The bottom-line: If you do not conduct a risk assessment, then you should start praying. The FCPA Guidance made it clear – conduct a risk assessment and tailor your compliance program to the risk assessment.
In the unfortunate event that your company is involved in an FCPA enforcement action, DOJ and the SEC conduct a thorough review of a company’s compliance program. If the program falls into the “paper program” pile, prosecutors will aggressively investigate potential FCPA violations. On the other hand, if the company can demonstrate an “effective” program which is tailored to the specific risks identified in a risk assessment, the company will have a much better shot at arguing for a declination or a significantly reduced penalty.
Risk assessments look different depending on the company’s size and footprint.

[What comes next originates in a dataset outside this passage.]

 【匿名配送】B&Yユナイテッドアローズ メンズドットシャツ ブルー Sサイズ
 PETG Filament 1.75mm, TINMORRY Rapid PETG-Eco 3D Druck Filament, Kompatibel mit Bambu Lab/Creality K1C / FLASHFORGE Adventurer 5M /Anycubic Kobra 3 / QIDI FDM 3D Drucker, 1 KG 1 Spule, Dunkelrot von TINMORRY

A small company will not conduct the same type of risk assessment, nor will it have as comprehensive an anti-corruption compliance program. By contrast, larger companies will have a more formalized risk assessment process.
There are several practical approaches to conducting a risk assessment. The tools for conducting a risk assessment include:
Personal or telephone interviews of key employees;
Surveys and questionnaires of employees; and
Review of historical compliance information such as due diligence files for third parties and mergers and acquisitions, as well as internal audits of key offices.

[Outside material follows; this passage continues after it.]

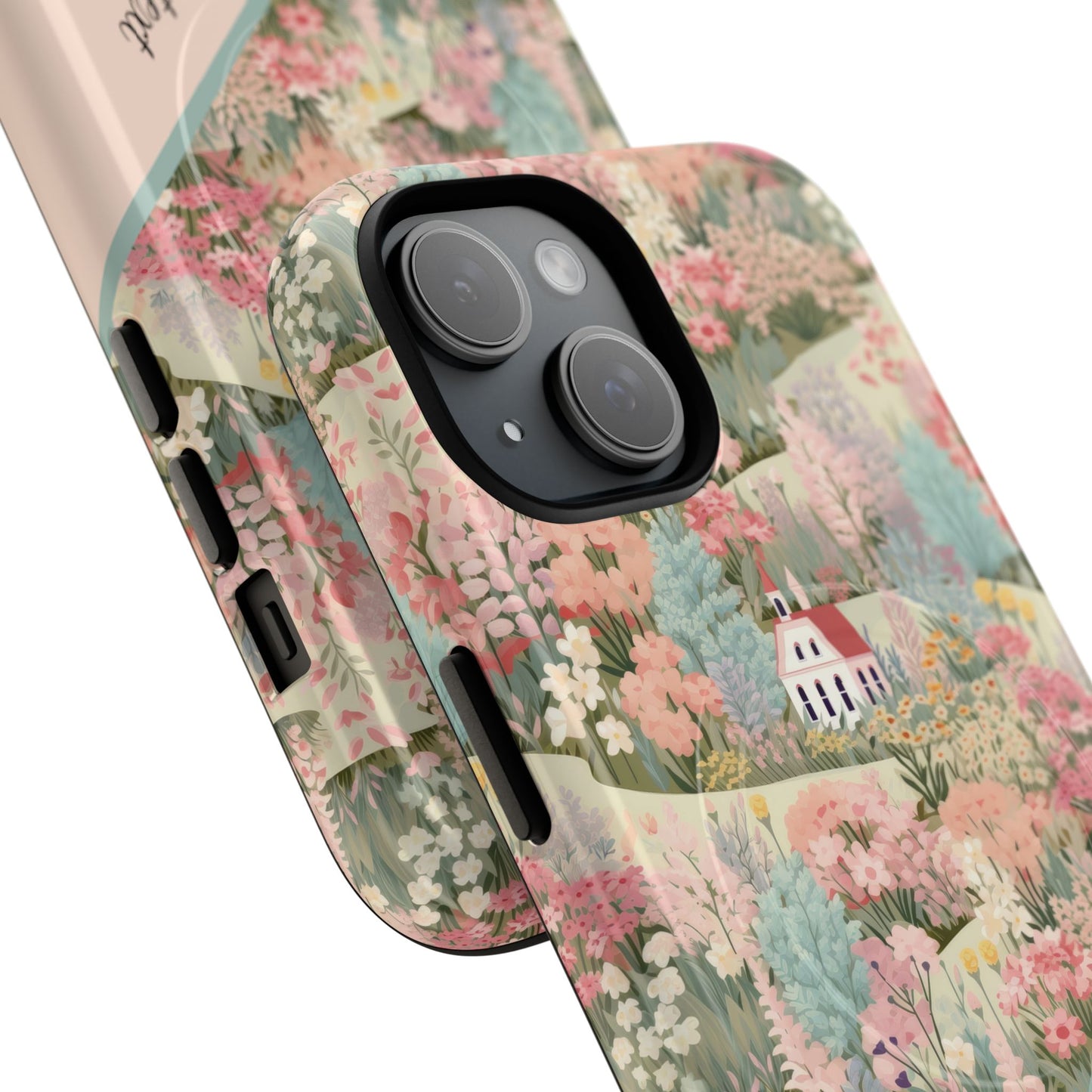 Blush Bloom Village Tough Magnetic MagSafe®Case, Durable Protection, Unique Gift for Nature Lovers,  iPhone® 13, 14, 15, 16, 17, Pro, Pro Max, Plus Cases.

For smaller companies, these three tools may be sufficient to develop a good risk profile for the company. The personal interviews are critical because they provide a real-time measure of what is actually occurring in various countries. A country manager and a lead sales/business development employee should be interviewed about current practices with a focus on interactions with foreign officials, third parties and overall compliance culture. Such reviews should include a review of regional/local compliance policies and procedures.
Large companies with more resources can conduct risk assessments with sophisticated and time-intensive tools such as personal, face-to-face, interviews and on-site visits and informal audits. These “deep dive” inquiries could be focused on high-risk countries.

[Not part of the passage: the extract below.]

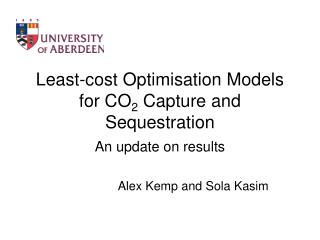 Least-cost Optimisation Models for CO 2 Capture and Sequestration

Most companies do not have the luxury of “deep-dive” risk assessments. The Sentencing Guidelines and the FCPA Guidance both take this into account and provide different expectations for big and small companies.
Smaller companies should not be reluctant to conduct a risk assessment. Because of the limitation in resources, small companies can conduct a ore informal risk assessment using the basic tools outlined above. The key to such a risk assessment is to conduct it in good faith and with proper attention to potential risks. Not every stone needs to be turned over, but significant issues and risks should be addressed.
For smaller companies, the risk assessment should be documented — the interviews the documents reviewed, the surveys and questionnaires, and an analysis of the risks. A memorandum setting out the review and analysis should be prepared and maintained as the basis for anti-corruption compliance policies and procedures.